That said, we have the following:

Theorem 2: Let $X$ be a scheme and $G$ a smooth affine group scheme over $X$. Then, there is an equivalence

$\left\{\begin{matrix}\text{Principal homogenous}\\ G\text{-spaces}\end{matrix}\right\}\leftrightarrow G\text{-torsors}$

given by $P\mapsto \mathrm{Isom}(G,P)$.

Here the categories are both equipped with $G$-equivariant morphisms.
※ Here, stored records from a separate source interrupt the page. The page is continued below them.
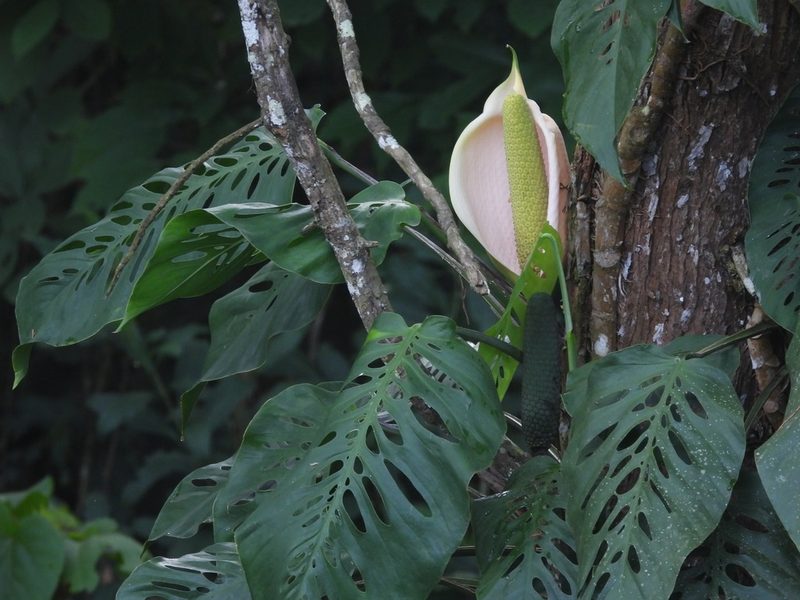 Monstera siltepecana, photographed by Grete Pasch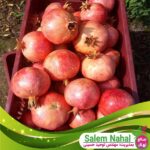 قیمت-و-خرید-نهال-انار-پایه-کوتاه-Pomegranate-seedlings-short-base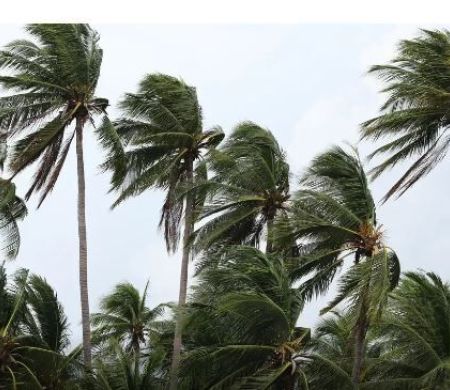 Corpo é encontrado pelos bombeiros em barco que afundou em Paraty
Remark: For people that know about stacks, the above just says that if $G$ is smooth affine, then the stack $BG=[\mathrm{pt}/G]$ is equal to the stack of principal homogenous spaces for $G$. More generally, for any group scheme $G$, one has that $BG$ is equal to the stack of principal homogenous spaces if one expands the latter definition to include algebraic spaces with a locally trivial transitive $G$-action.

The proof of this theorem follows fairly immediately from descent for affine morphisms. Namely, a $G$-torsor is, definitionally, locally representable by a (relatively) affine scheme and thus, by descent, is globally representable. The smoothness condition is there for technical conditions.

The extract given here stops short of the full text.